Find the nearest Landscapes & Nature in Cornwall
Our Landscape and Nature category brings all Coast Radar’s Cornwall listings related to looking for something to do or a place to visit together where they offer some form of the countryside or coast path based activity.
Finding the best things to see and do on a Cornwall day out with your family or friends is easy – simply explore the countryside or coast path activity links below, hit the jump to my location button or use the search bar to plan your next Cornwall activity.
- The coastal path passes through Polzeath in one direction to Rock, and in the other through New Polzeath, Pentire Point and along miles of stunning coastline. On the headland of The Rumps is the Iron-Age cliff castle. This fort with superb coastal vistas has a triple rampart and ditch system protecting the headland.
- Golitha Falls on The River Fowey are a set of waterfalls located to the south of Bodmin Moor. There is a 1-3-mile (4.8 km) riverside walk, from the visitor car park. The River Fowey descends through a wooded granite gorge, most of which is now a National Nature Reserve.
- Dodman Point is a 400-foot (120 m) high headland that was once an Iron Age promontory fort. At its seaward end is a large granite cross, erected to help protect shipping from this headland. It is mentioned in the shanty Spanish Ladies. Below the large stone cross, there is a way down to the bottom of the small cliffs and there is some climbing there on the faces.

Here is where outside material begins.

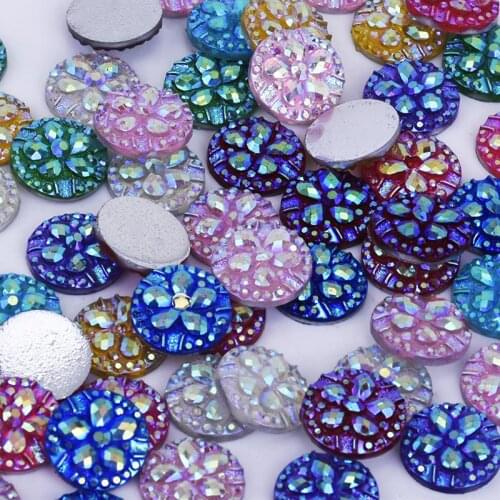 12mm Round Druzy Resin Embellishment Cabochons flat back DIY 50pcs 10239749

Mainly bouldering as it is rarely climbed and so there are no fixed anchor points.
- St Agnes Head is on Cornwall’s north Atlantic Ocean coast and part of the St Agnes Heritage Coast that stretches from Godrevy Head in the south to St Agnes Head. At their height about 100 mines employed 1000 miners across this dramatic coastal landscape. Mining came to an end in the 1920s and many of these mines are still on view for tourists today. For more information visit the St Agnes Head National Trust website
- Trewithen is a private estate that has been home to the same family for more than 300 years boasting one of the loveliest gardens in England. An International Camellia Garden of Excellence, Trewithen’s horticulture, trees, intriguing pathways and unexpected treasures are both memorable and exceptional. The Gardens and House are open from March 1st to June 30th plus August Bank Holiday Monday. Due to the limited opening prior booking is recommended.

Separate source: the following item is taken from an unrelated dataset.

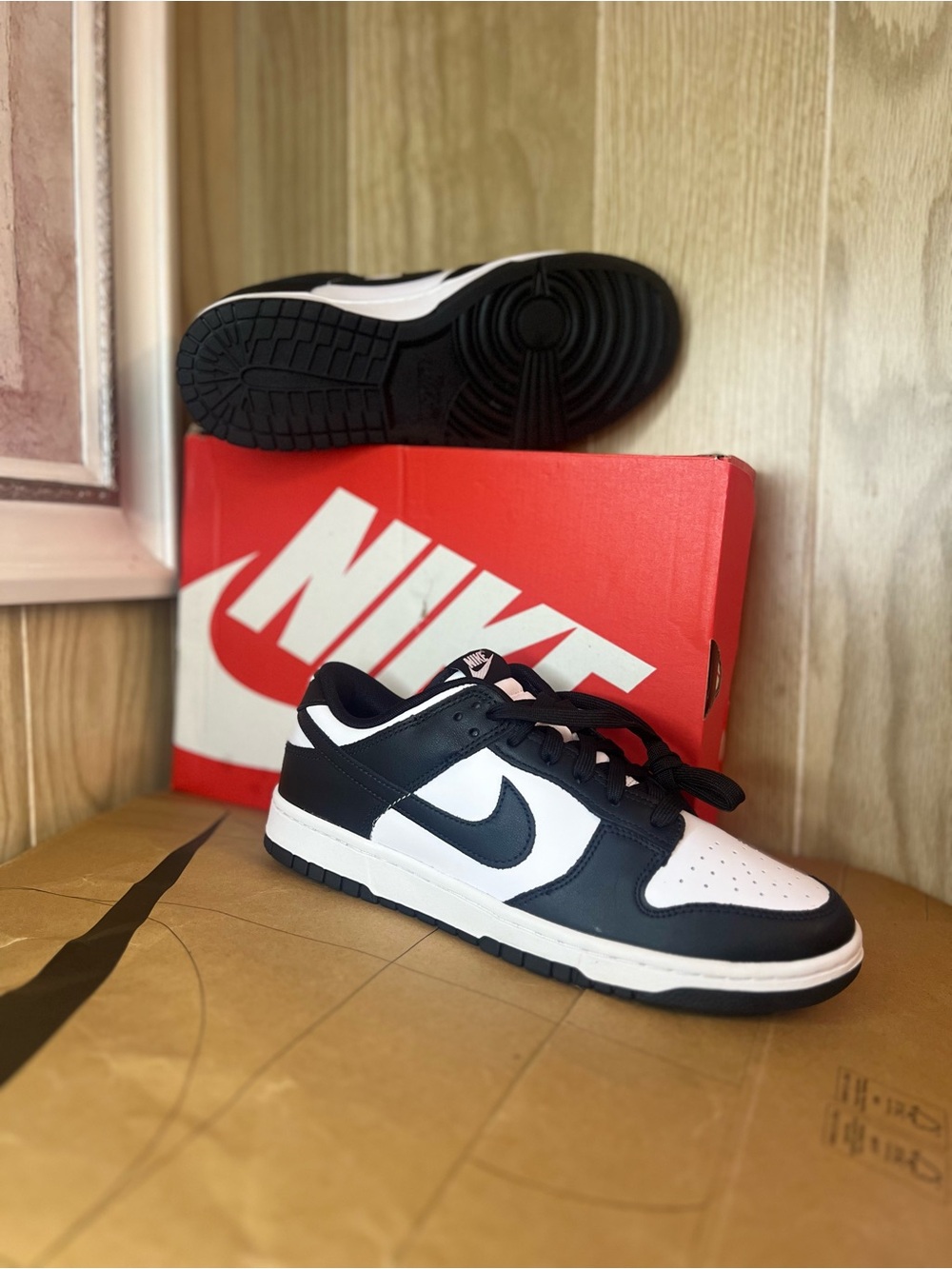 Nike Kids Black and White Low Top Sneakers with Swoosh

- St Michael’s Mount, a rocky island crowned with medieval church and castle. One of England’s most famous and dramatic coastal attractions. The oldest surviving buildings date from the 12th century, when a Benedictine priory was founded here. Accessible on foot at low tide across a causeway, at other times it is reached by a short boat trip. The island is managed by the National Trust and includes cafe/restaurant and shop. The gardens have limited opening times as they can’t cope with the large amount of summer visitors, see the National Trust website for more information.
- Tregothnan has been home to the Boscawen family since 1334. and has the largest historic botanical garden in Cornwall. In particular, Tregothnan began supplying Britain’s first homegrown tea in 2005. Tregothnan is a private garden and tours by appointment only 24 hours notice required. Shop open to the public Monday to Friday.
- St George’s Island is also known as Looe Island, a small island about a mile offshore from Looe in Cornwall. Owned and managed by the Cornwall Wildlife Trust charity. The Island is approx. 22.5 acres (9 ha) in area and a mile (1.6 km) in circumference with the highest point being only 47 metres (154 ft). The landing fees and other income is devoted to conserving the island’s natural beauty and providing facilities. Open during the summer to day visitors arriving by the Trust’s boat from Looe. A small visitor centre can provide you with a self-guided trail map.
- Tresco Abbey Gardens are located over 17 acres on the island of Tresco in the Isles of Scilly. The gardens were established in the nineteenth-century by Augustus Smith. At the entrance to the garden is the Visitor Centre with a gift shop, a cafeteria and a history room.
- Bodmin Beacon Local Nature Reserve covers some 87 acres of traditionally managed farmland, public space and community woodland. The reserve has a range of paths that criss-cross the area and woodland. The Beacon is a rounded hill and at its highest point of 162m has the 44m monument to Sir Walter Raleigh Gilbert built in 1857. The reserve has a small car park and picnic area but no toilet facilities.